Il n’est pas donné à l’audience le choix de porter réflexions sur les deux méthodes. Il y en a une bonne et une mauvaise. Point. Et comme c’est un gros blockbuster mainstream à 50 millions de $, c’est aseptisé, remplit de bons sentiments et d’un bon gros pathos indigeste., Forcément c’est la méthode soft qui gagne, permettant un happy end lors d’une séquence finale complétement rushé. Genre :


_‘’On a l’antidote’’


_’’Cool !’’


Fin.


Pas particulièrement mauvais, ‘’Outbreak’’ se regarde facilement comme un film d’action, puisque sa forme empêche ses thématiques et ses enjeux d’être portés à un niveau autre que le simple entertainment. Tout est téléphonés et un peu couru d’avance, car à mesure que le récit se déroule, et à la manière dont sont écrits les personnages, et incorporés a l’histoire (où tout bêtement la place du nom de leurs interprètes au générique) en tant que spectateur/rices il est fait peu de mystère sur le déroulé de l’intrigue.

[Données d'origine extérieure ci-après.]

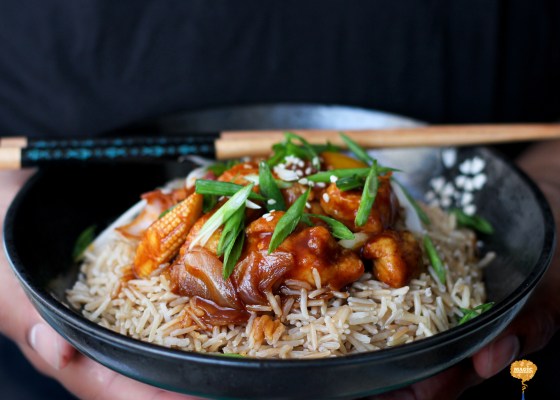 Photo of Asian style Mango chicken with brown rice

Peut-être que c’est juste que le film accuse le poids de années, déjà 25 ans mine de rien. Mais en tout cas sa structure est d’un classicisme qui l’empêche d’être efficace. Contrairement à ‘’The Crazies’’ de George A. Romero, 22 ans plus tôt, qui s’intéressait surtout à l’indice humain, en collant son récit au point de vue de potentielles victimes. Dans ‘’Outbreak’’ le personnage principal est un militaire scientifique, le seul à pouvoir sauver le monde. S’il meurt tout l’arc narratif qui tient le récit s’effondre, et tout le monde meurt. Parce que McClintock atomise la ville. Un point de vue vicié dès le départ, puisqu’il est certain que Daniels va parvenir à ses objectifs. Sinon y’a pas de film en fait.


Un divertissement tout de même agréable, à regarder avant tout comme tel, que comme grande œuvre anticipatrice, Car comme on peut le voir en période d’outbreak du Coronavirus, c’est bien plus complexe qu’une simple question de ‘’vaccin’’ vs. ‘’destruction’’. De la sorte, le film de Wolgrang Peterson échoue dans sa tentative d’universalité, puisqu’il ne fait qu’accumuler des codifications stéréotypées pour alimenter un propos forcé, empêchant l’élaboration de pistes réflexives plus solides. Donc ouais, un divertissement agréable, pas beaucoup plus.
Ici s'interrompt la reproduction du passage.